The valve assembly 60, in a preferred embodiment, is mechanically
operated such as by manipulation of the tool string. Those of skill
in the art will recognize other means and methods for operating
such a valve assembly, such as by using hydraulics, tubing
pressure, electro-mechanical devices, etc.
The string 24 is pulled upward after the isolation device 26 is
set, actuating the release mechanism 70 (e.g., shear pins). After
release, the string 24, including tubular 62, is free to move
relative to the isolation device 26. The tubular 62 is moved uphole
until the latching mechanism 85 is actuated.

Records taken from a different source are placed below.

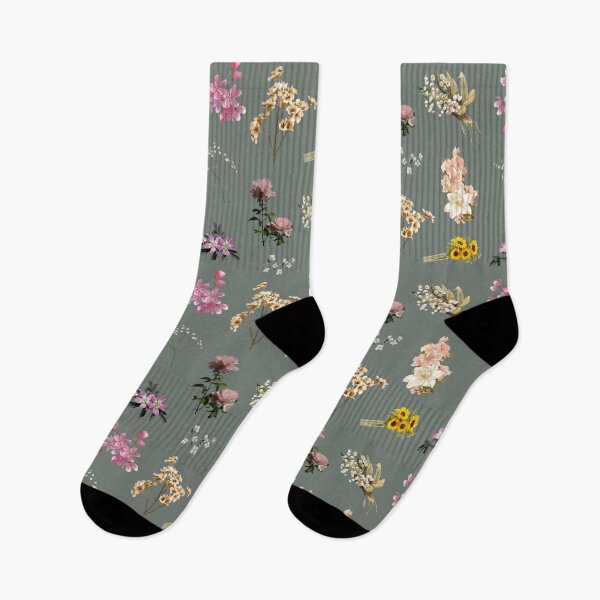 Item preview, spring floral pack designed and sold by plumiingo.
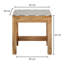 Galvez End Table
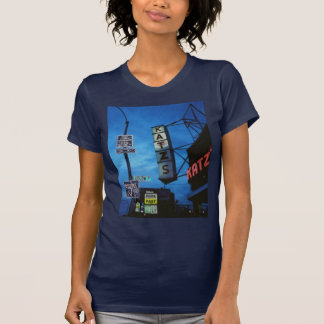 Camiseta Tienda de delicatessen de Katzs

The latching mechanism 85 is shown as including cooperating
profiles 86 on the reverse cementing tool and profile 88 defined in
the isolation device 26. The latching mechanism or cooperating
profiles can be positioned elsewhere. The latching mechanism can be
any latching or landing method or apparatus known in the art, with
the embodiment shown being exemplary. The latching mechanism can
include radially expandable and/or retractable members. The
latching mechanism can include, for example, snap rings,
cooperating profiles or shoulders, interconnected or telescoping
sleeves, cooperating pins and slots (e.g., J-slots), shear
mechanisms, collet assemblies, dogs, lugs or the like, etc. If
desired, in some embodiments selective release of the string can be
achieved through mechanisms and methods known in the art, such as,
for example, increasing tubing pressure, manipulation of the tubing
string (e.g., weight down, rotation), electro-mechanical devices
(battery or cable powered) upon an activation signal (wireless or
wired), chemically or thermally activated mechanisms or barriers,
etc.
With the latching mechanism activated, thereby attaching the string
and isolation device, and with a ball 72 seated at valve seat 68,
the reverse circulation ports 64 and reverse circulation
passageways 66 are aligned allowing fluid flow therethrough into
the annulus 32. Cement and other fluids flow from the interior
passageway 30 above the valve seat 68 into the tubing annulus 32.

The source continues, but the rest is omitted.